> [Data for analysis]:
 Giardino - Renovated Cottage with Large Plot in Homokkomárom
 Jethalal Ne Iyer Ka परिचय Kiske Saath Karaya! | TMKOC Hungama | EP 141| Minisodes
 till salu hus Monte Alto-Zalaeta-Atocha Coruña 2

...

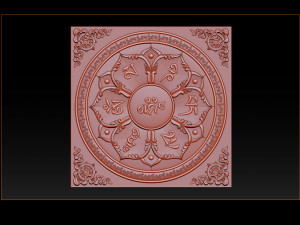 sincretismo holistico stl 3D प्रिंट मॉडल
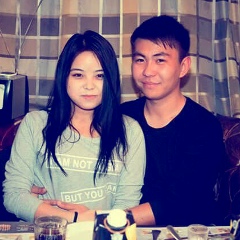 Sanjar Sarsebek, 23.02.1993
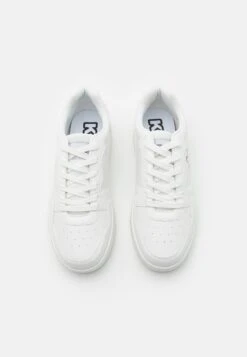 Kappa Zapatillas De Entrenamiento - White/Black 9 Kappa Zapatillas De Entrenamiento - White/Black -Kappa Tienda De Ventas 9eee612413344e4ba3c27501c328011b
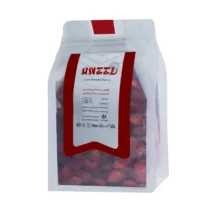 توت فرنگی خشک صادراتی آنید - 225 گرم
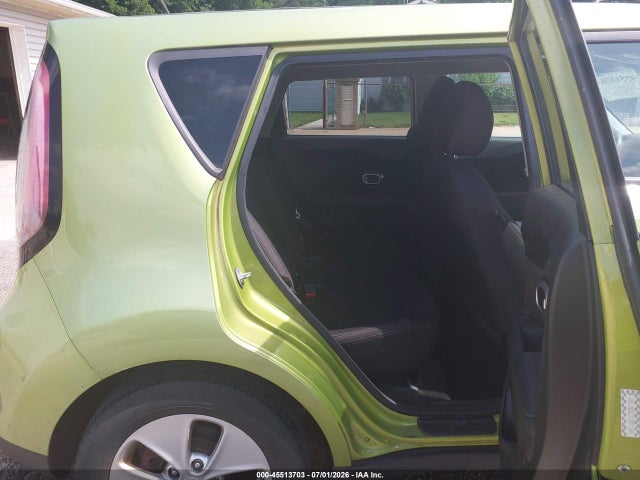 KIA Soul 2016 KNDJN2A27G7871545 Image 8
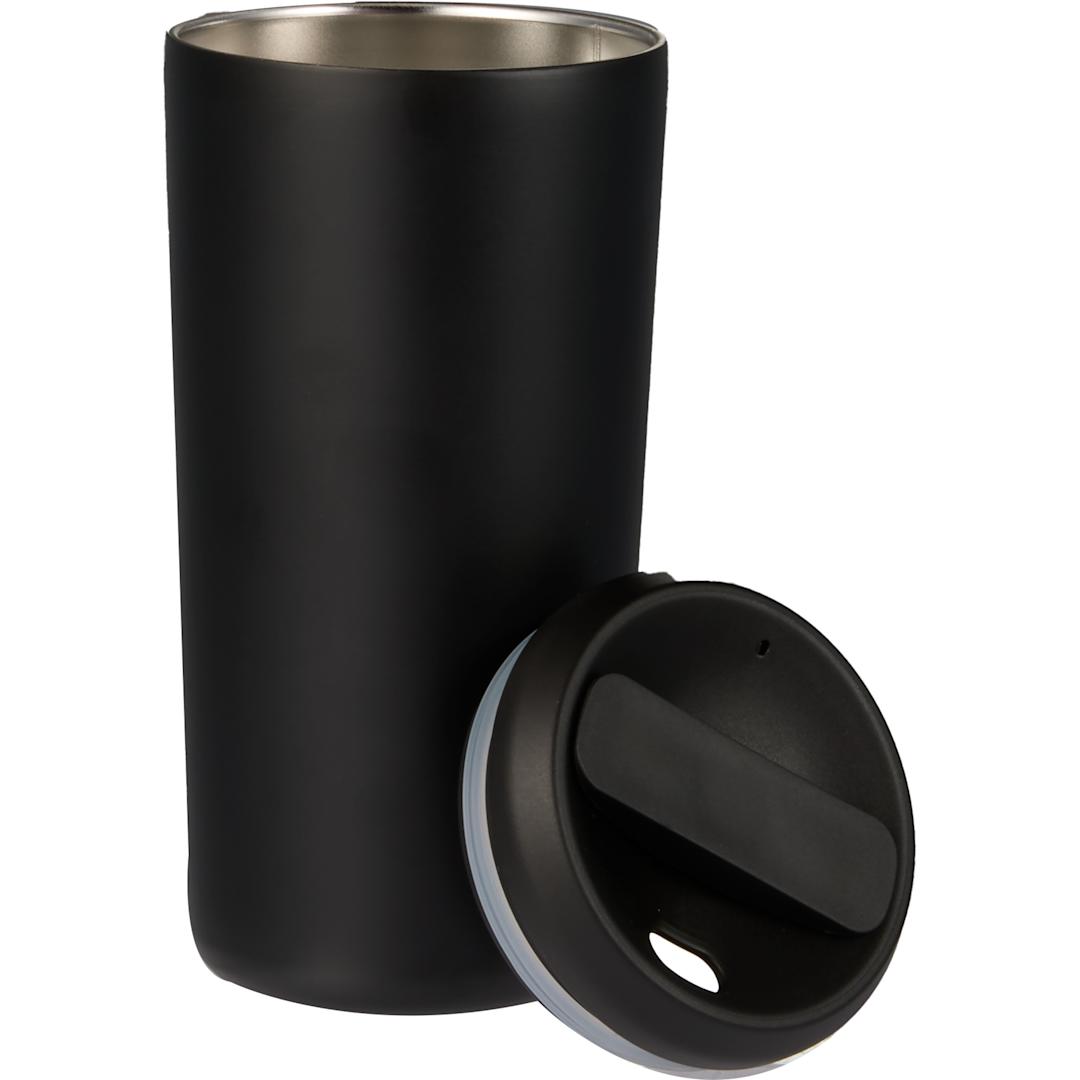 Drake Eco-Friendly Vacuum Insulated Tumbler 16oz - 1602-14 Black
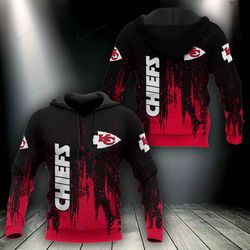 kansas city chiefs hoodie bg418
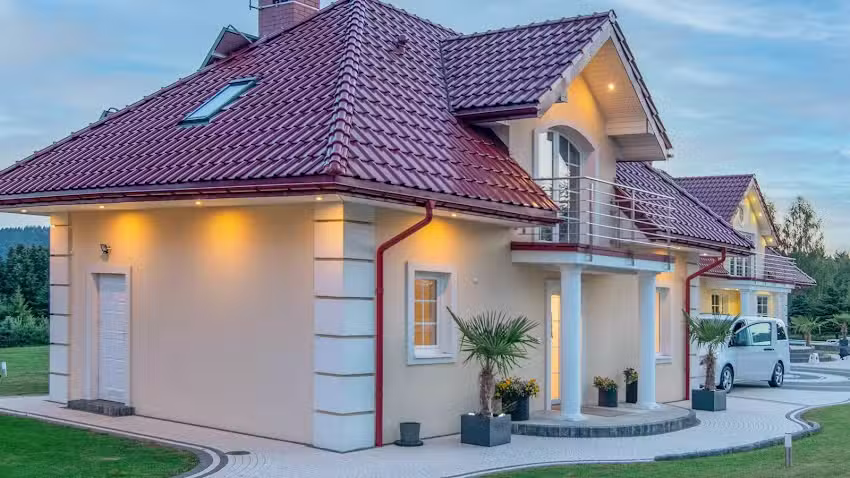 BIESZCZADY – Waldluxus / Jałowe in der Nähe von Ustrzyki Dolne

--

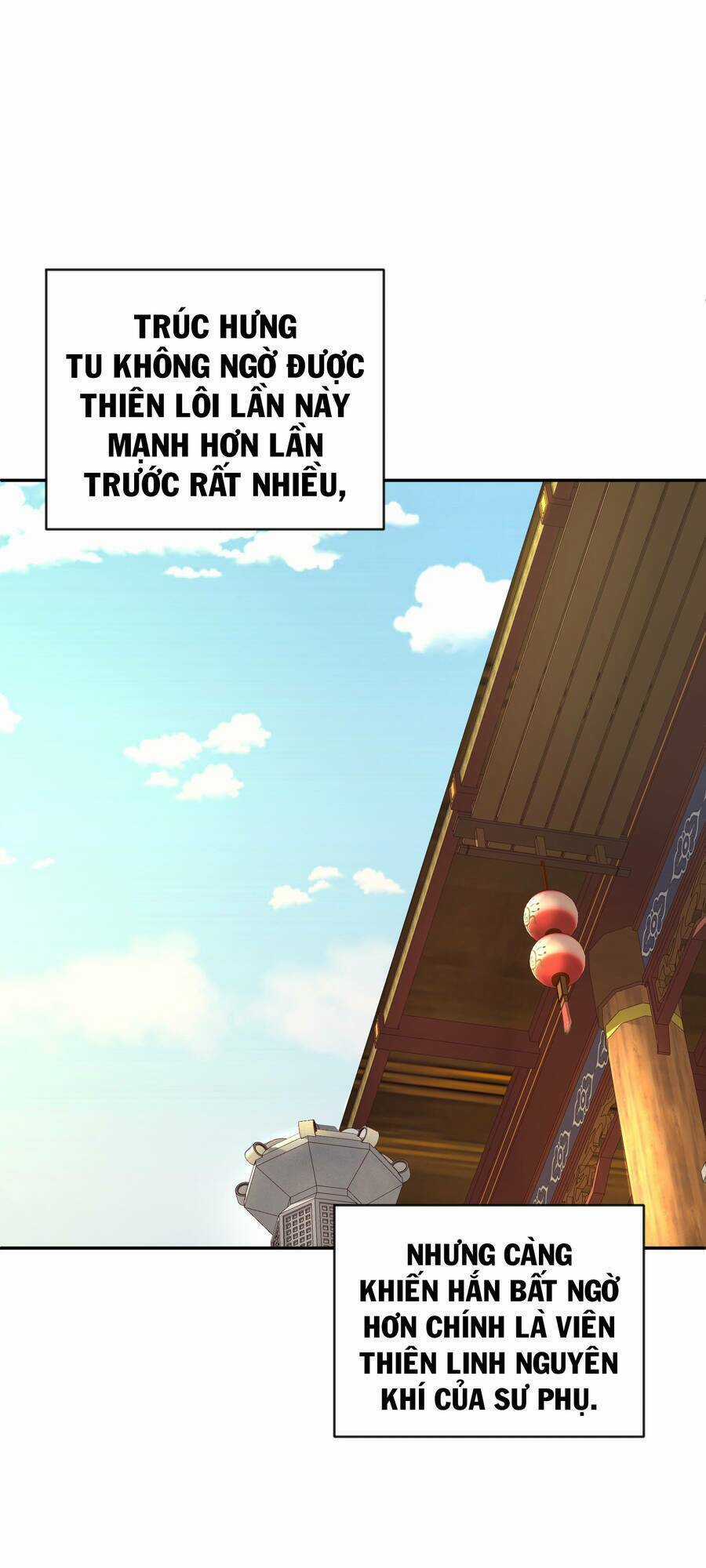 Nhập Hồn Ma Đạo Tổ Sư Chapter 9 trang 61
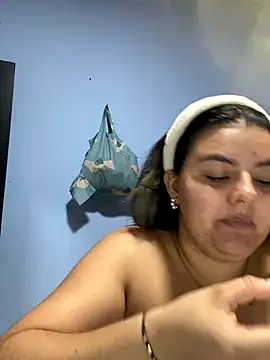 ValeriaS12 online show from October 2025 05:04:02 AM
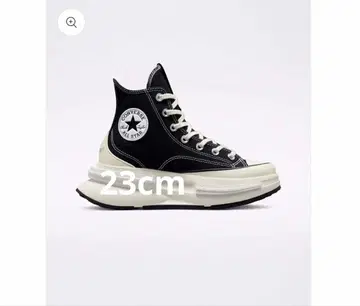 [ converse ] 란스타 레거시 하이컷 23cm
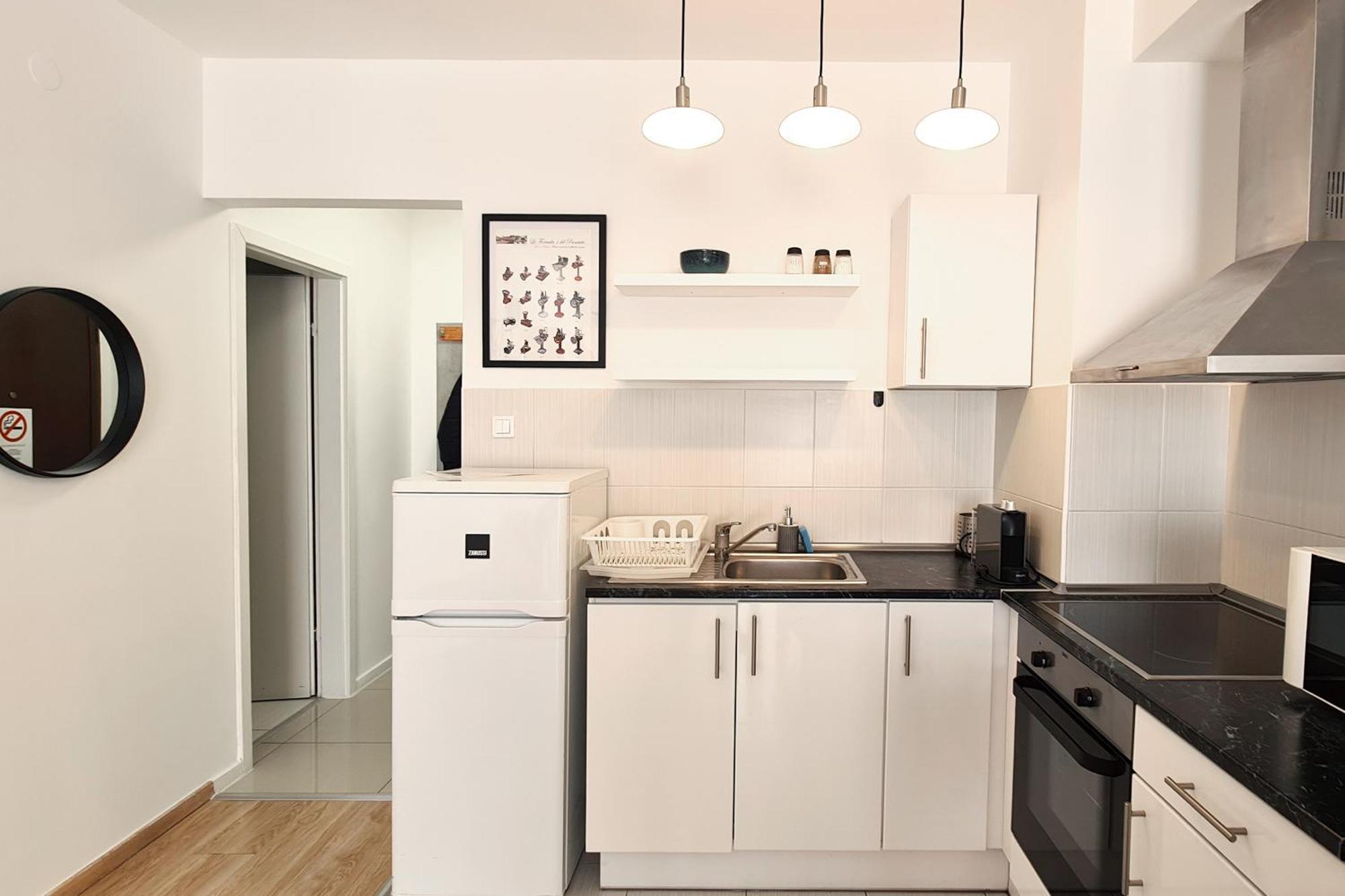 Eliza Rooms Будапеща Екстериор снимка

> [Assignment]: Only the lines above from the one with "Giardino - Renovated" through the one with "till salu hus" should be duplicated, character for character.

> [Reply]:
 Giardino - Renovated Cottage with Large Plot in Homokkomárom
 Jethalal Ne Iyer Ka परिचय Kiske Saath Karaya! | TMKOC Hungama | EP 141| Minisodes
 till salu hus Monte Alto-Zalaeta-Atocha Coruña 2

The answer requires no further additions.